_Exercise instructions:_
Find the line containing "Natural Aquamarine Diamond", then print it and each following line through the end of the records, exactly and with nothing added; leave out any pictures.

Pictures with short captions:
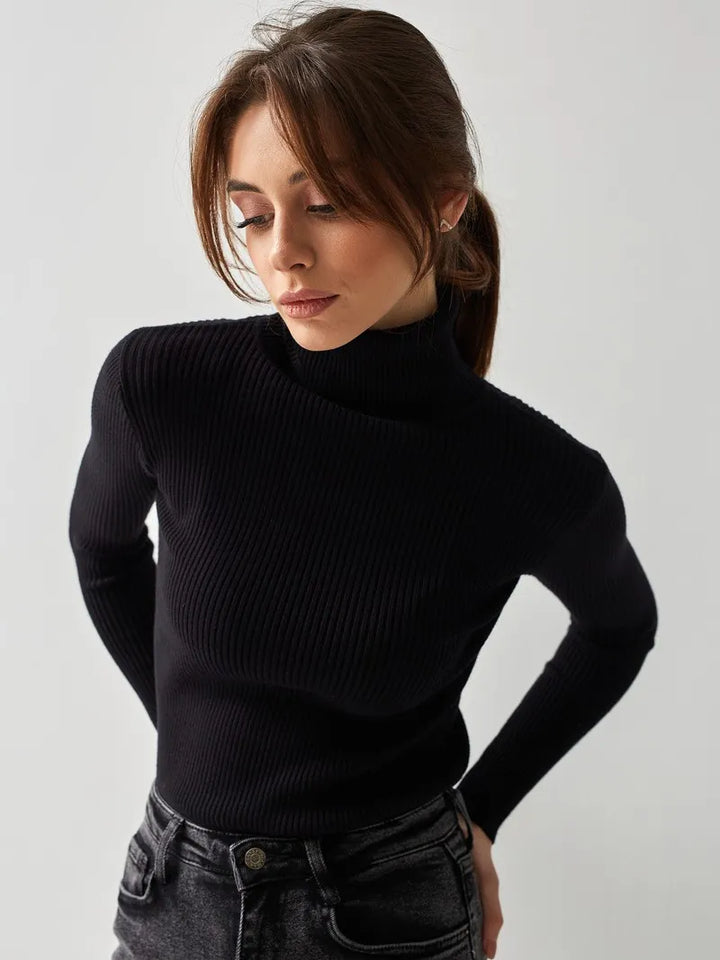 Pull chic femme à col roulé, couleur unie, vêtement intemporel pour un style mode féminine.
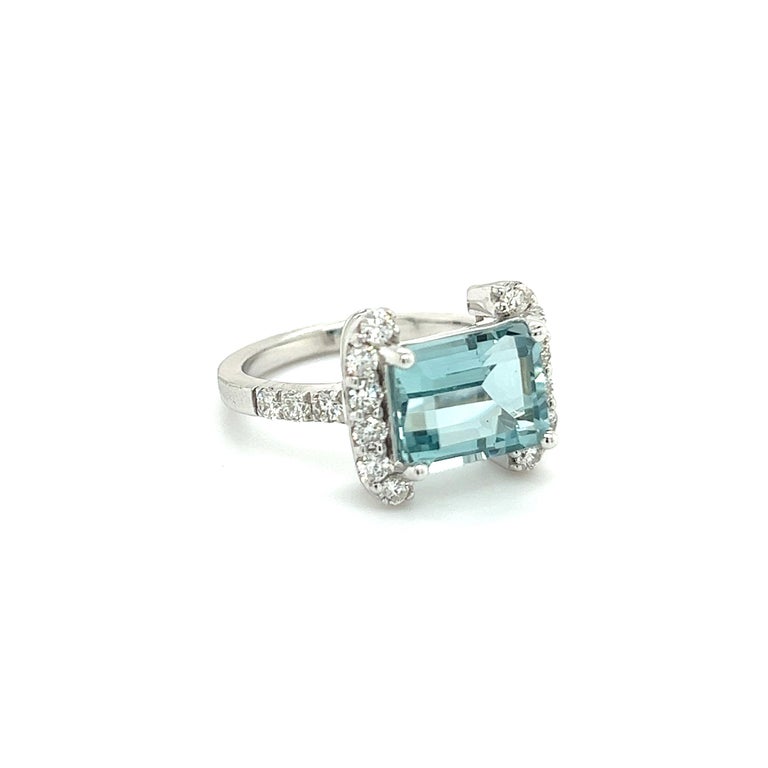 Natural Aquamarine Diamond Ring 6.5 14k white Gold 6.09 TCW Certified For Sale 5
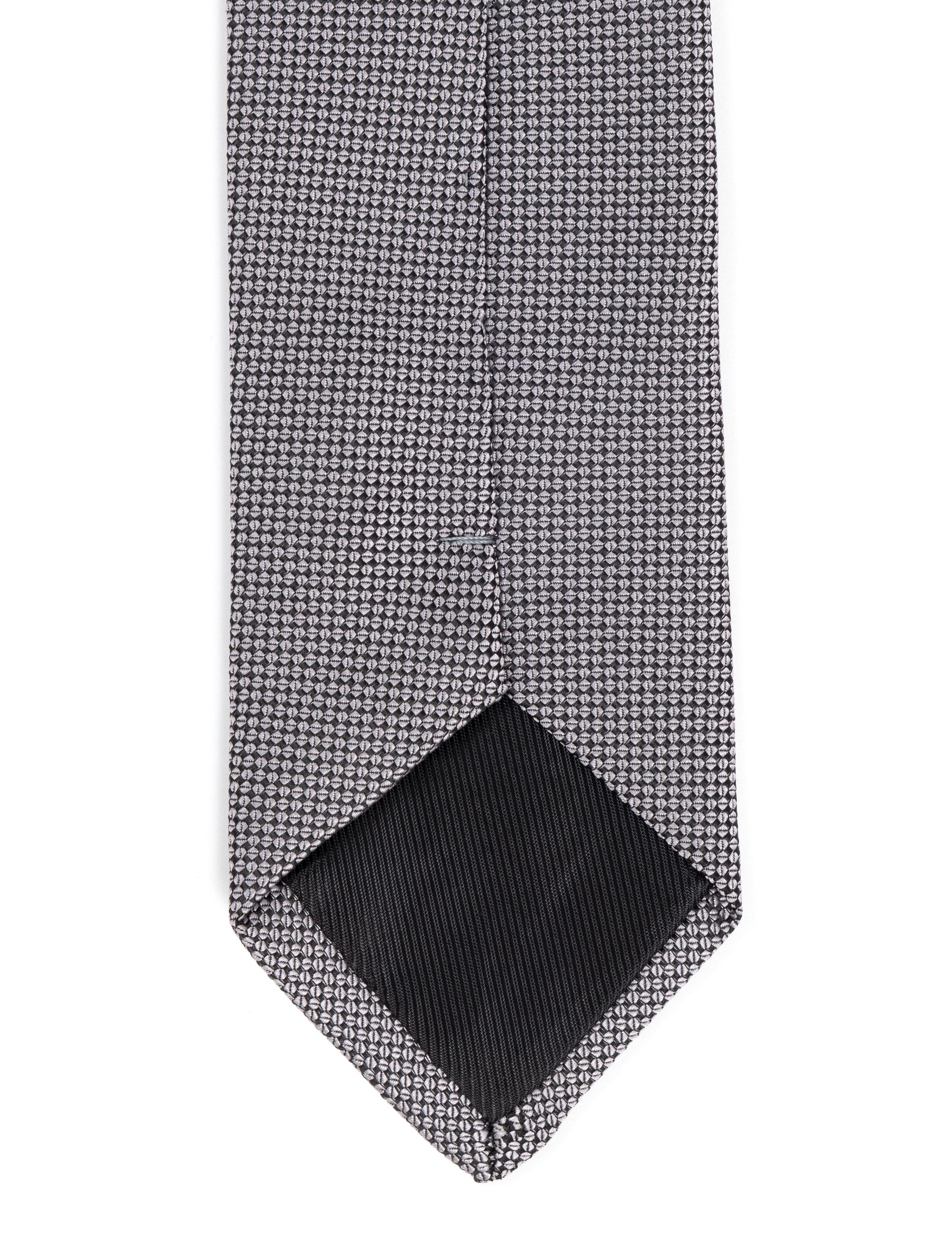 Gri 3'lü Kravat Mendil Set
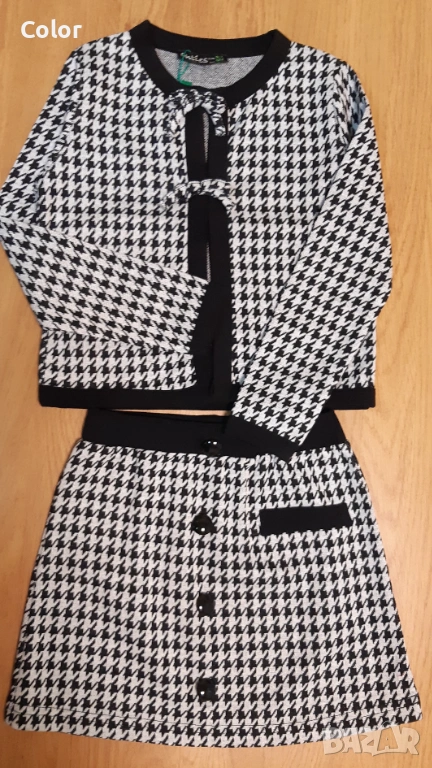 Детски комплект за момиче пепит-сако и пола, снимка 1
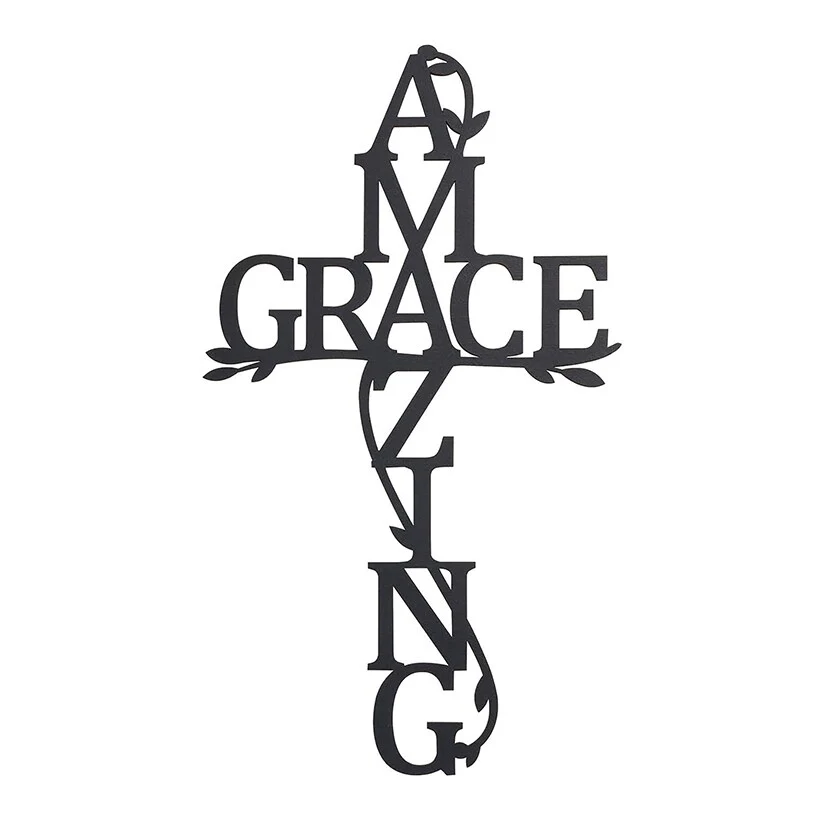 Amazing Grace Wood Cross Plaque - Image 4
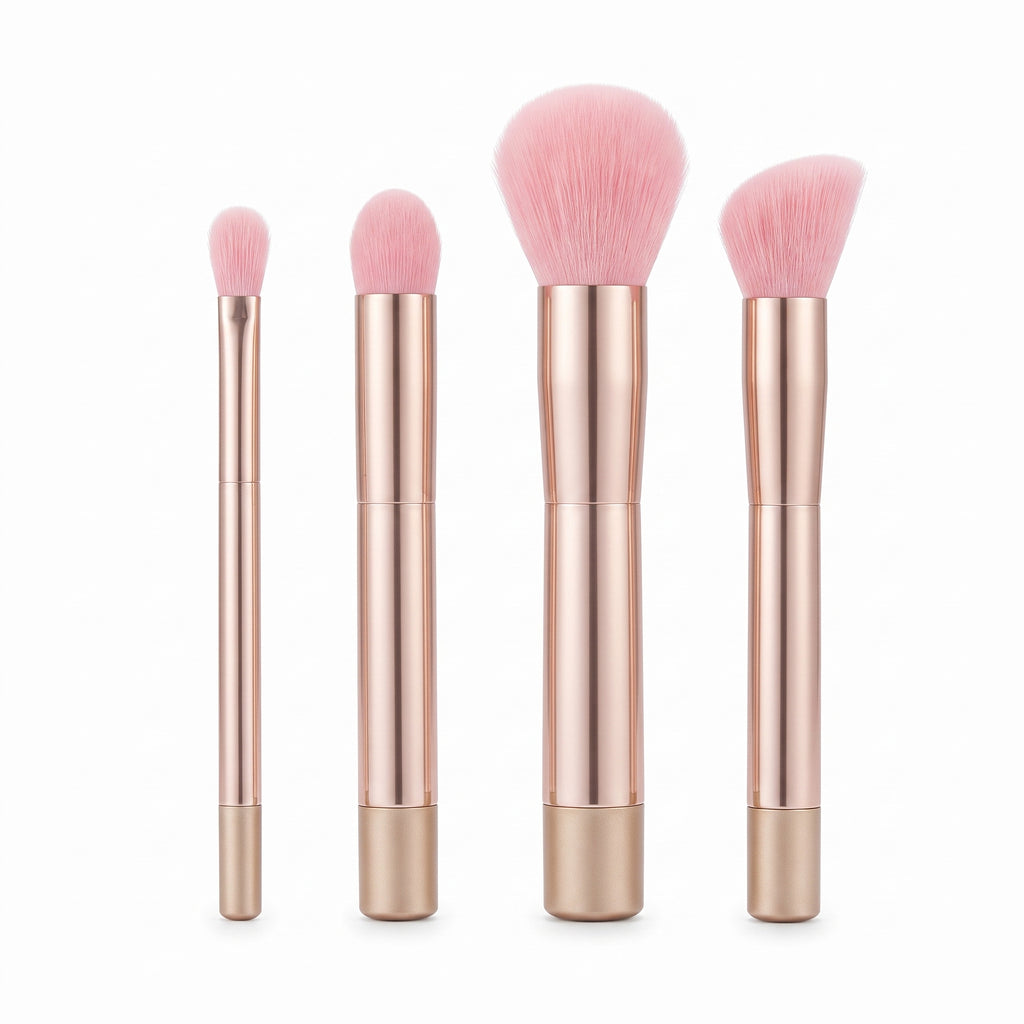 Sweet Beauty Deluxe 4-Piece Pastel & Rose Gold Makeup Brush Set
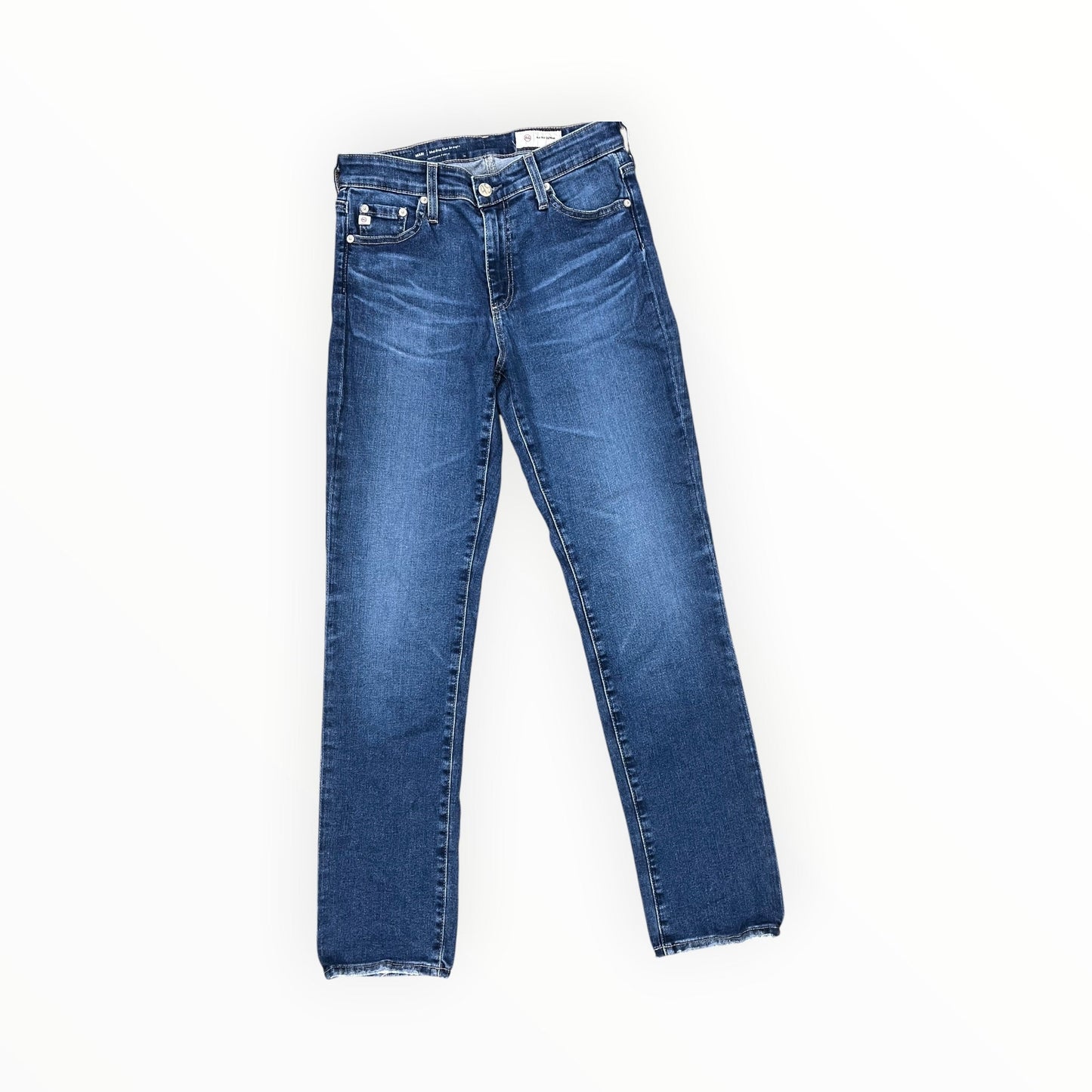 Jeans Straight By Ag Jeans In Blue Denim, Size:4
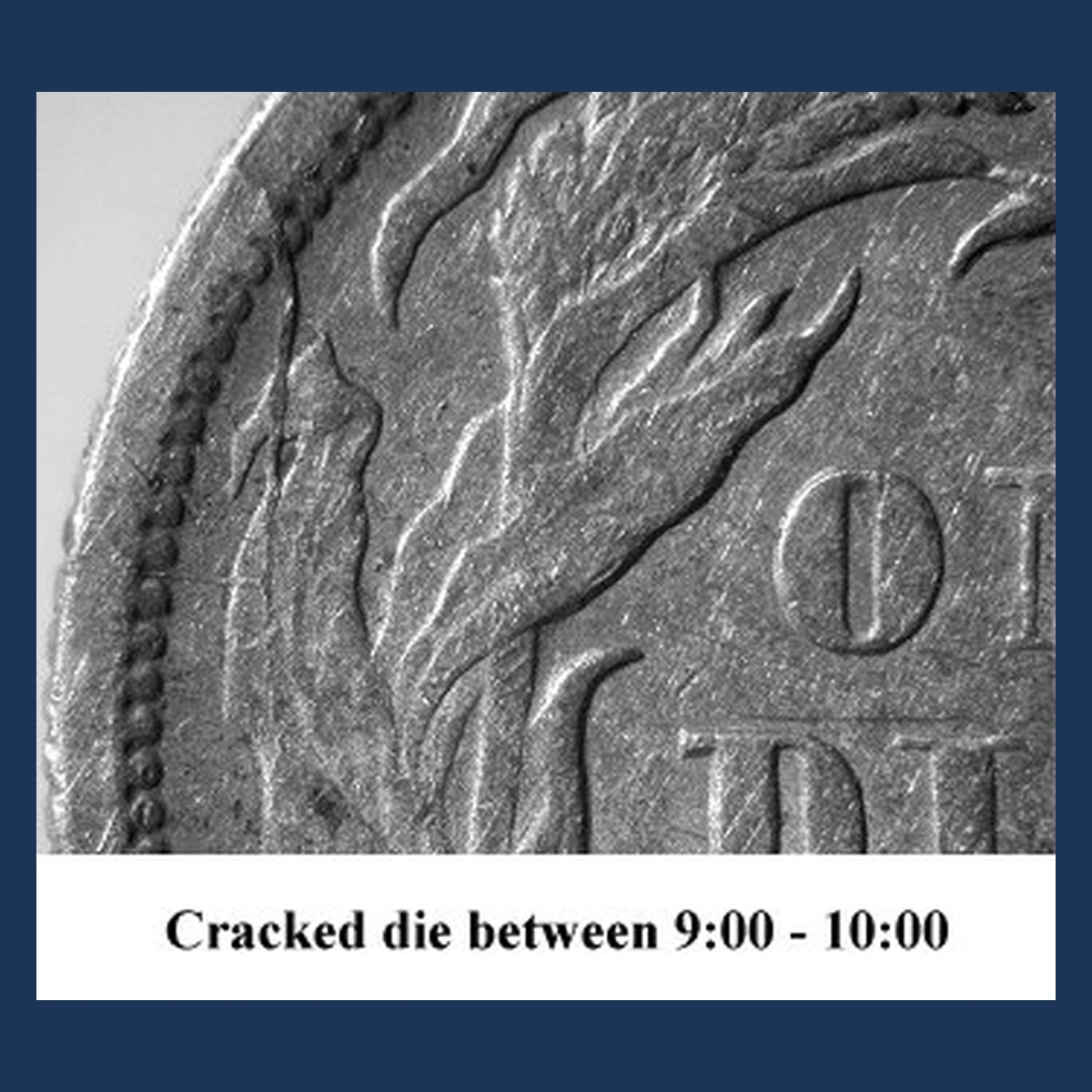 1872 Liberty Seated Dime: Die Crack / Die Chip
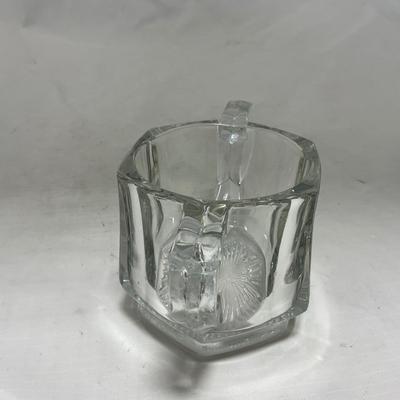 -98- Heavy Clear Glass | Sugar & Creamer Set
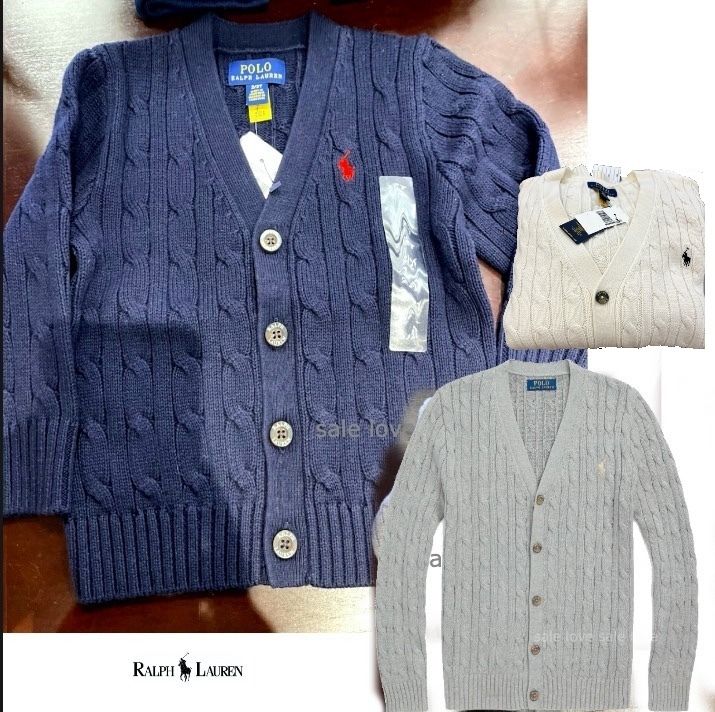 大人もOK ラルフローレンケーブルニットコットンカーディガン (Ralph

_Answer:_
 Natural Aquamarine Diamond Ring 6.5 14k white Gold 6.09 TCW Certified For Sale 5
 Gri 3'lü Kravat Mendil Set
 Детски комплект за момиче пепит-сако и пола, снимка 1
 Amazing Grace Wood Cross Plaque - Image 4
 Sweet Beauty Deluxe 4-Piece Pastel & Rose Gold Makeup Brush Set
 Jeans Straight By Ag Jeans In Blue Denim, Size:4
 1872 Liberty Seated Dime: Die Crack / Die Chip
 -98- Heavy Clear Glass | Sugar & Creamer Set
 大人もOK ラルフローレンケーブルニットコットンカーディガン (Ralph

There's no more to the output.